Each line in the material below, starting at the one with "Wing Case iPhone 5 Case - Black - Image 8" and ending at the one with "Los camarones from Zoozoo Mundo Animal", is to be reproduced exactly; no picture is to be copied.

** Information provided **
== Segment start ==
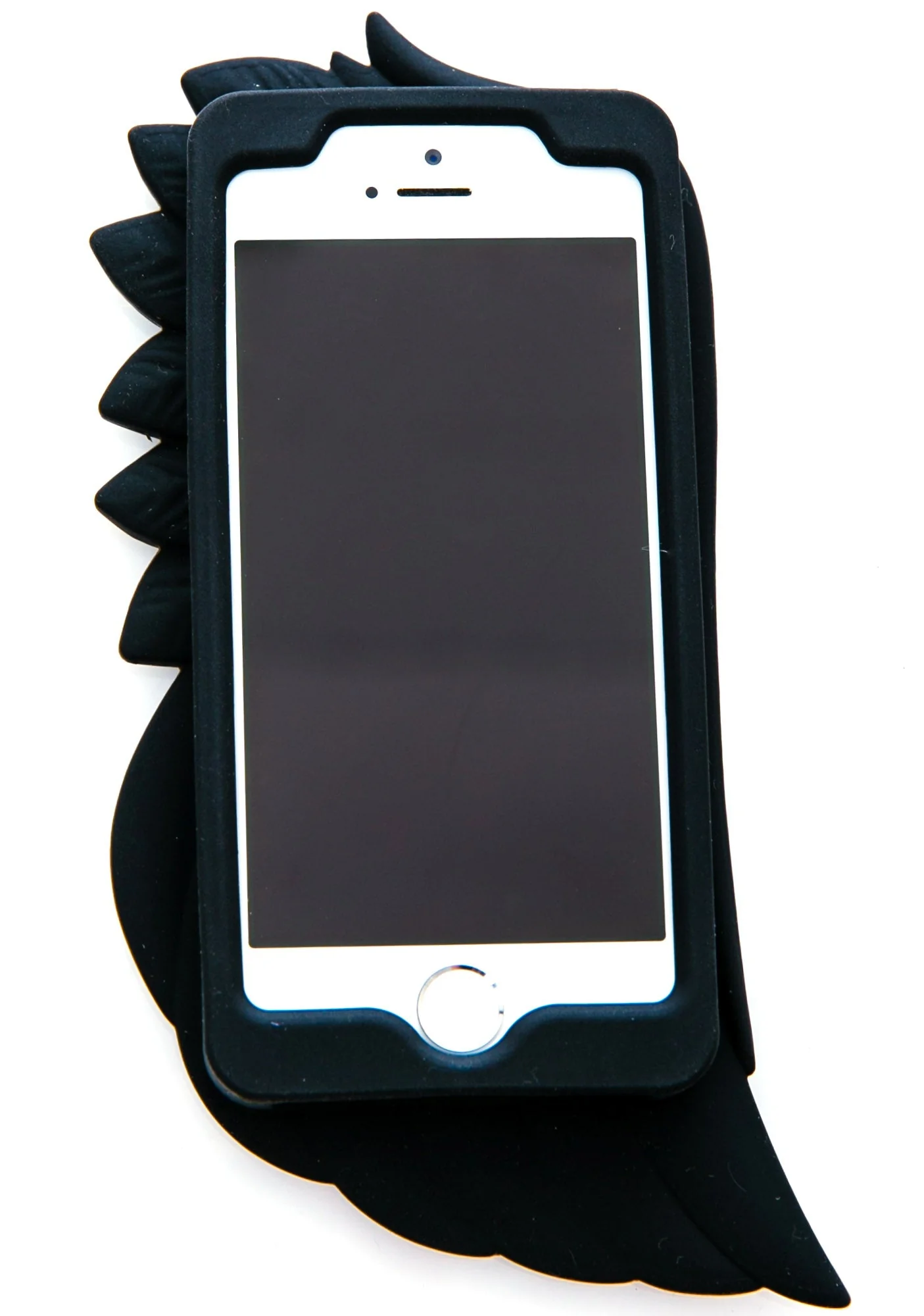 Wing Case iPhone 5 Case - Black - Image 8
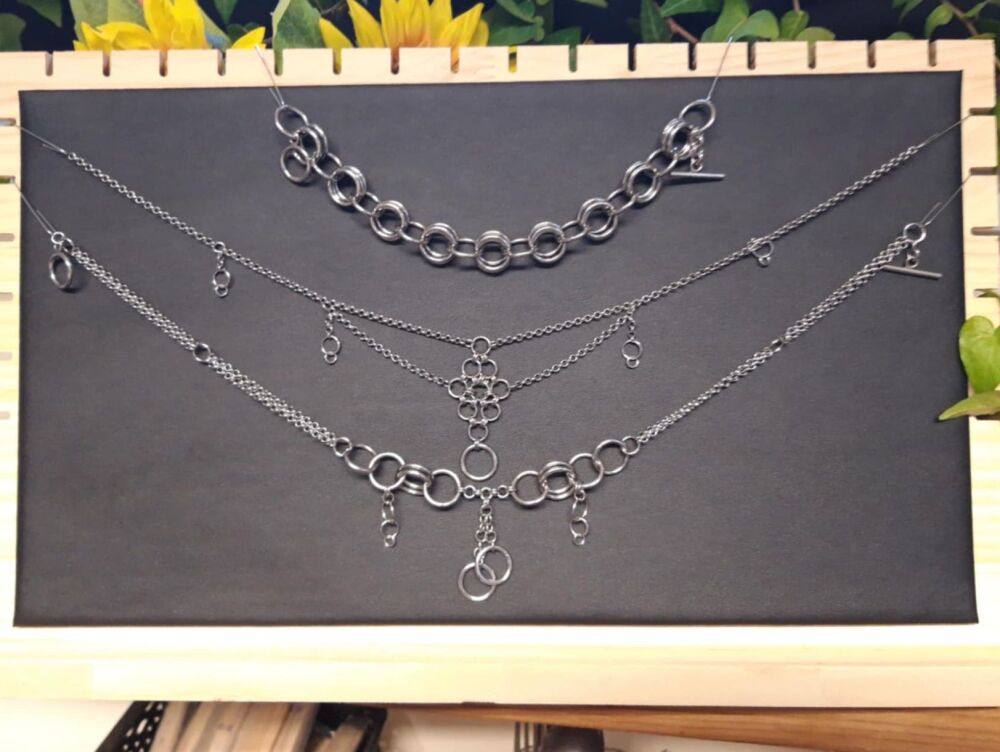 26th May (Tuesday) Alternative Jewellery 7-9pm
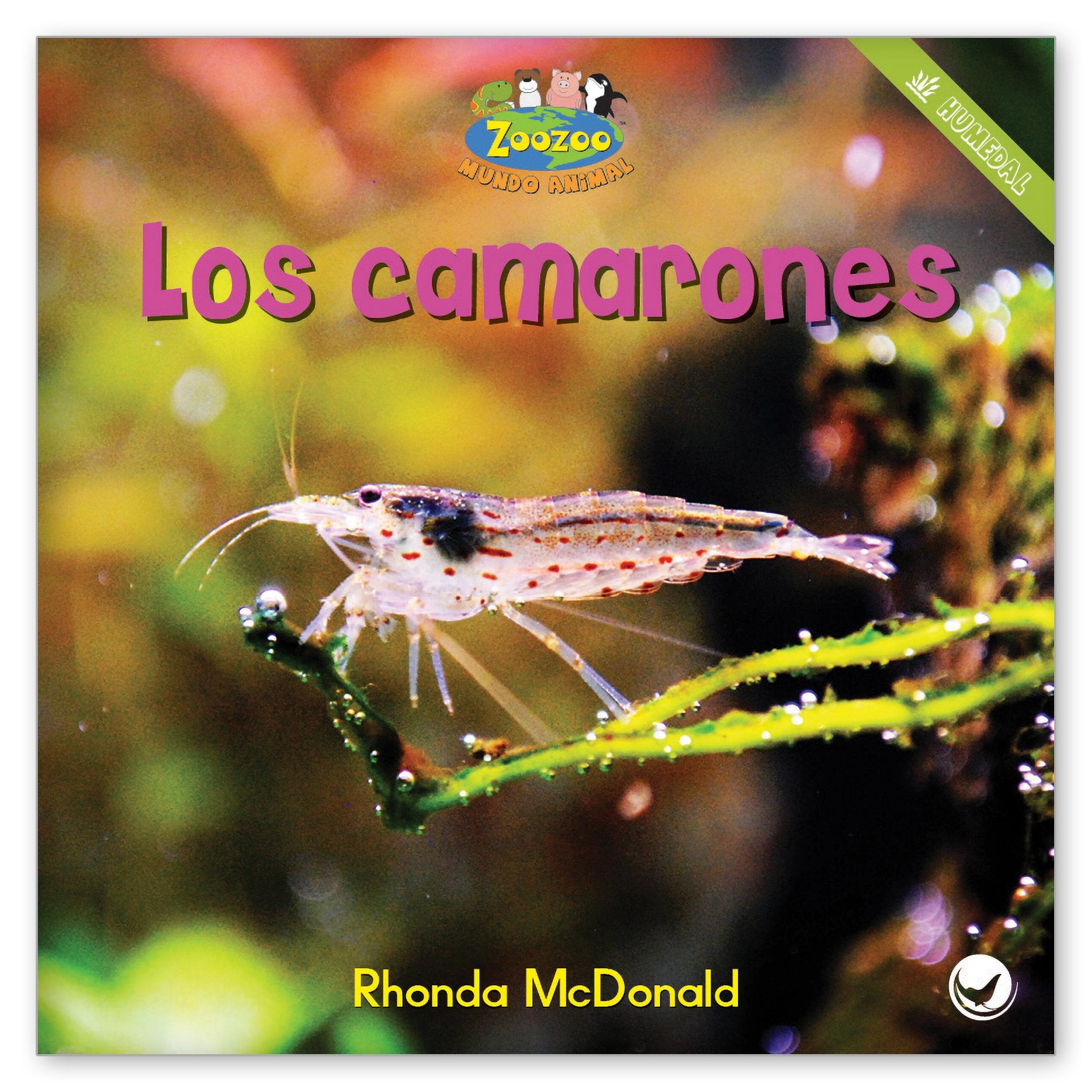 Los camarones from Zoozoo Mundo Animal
== Segment end ==
== Segment start ==
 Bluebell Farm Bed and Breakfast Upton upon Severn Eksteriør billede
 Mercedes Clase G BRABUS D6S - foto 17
== Segment end ==
** Task answer **
 Wing Case iPhone 5 Case - Black - Image 8
 26th May (Tuesday) Alternative Jewellery 7-9pm
 Los camarones from Zoozoo Mundo Animal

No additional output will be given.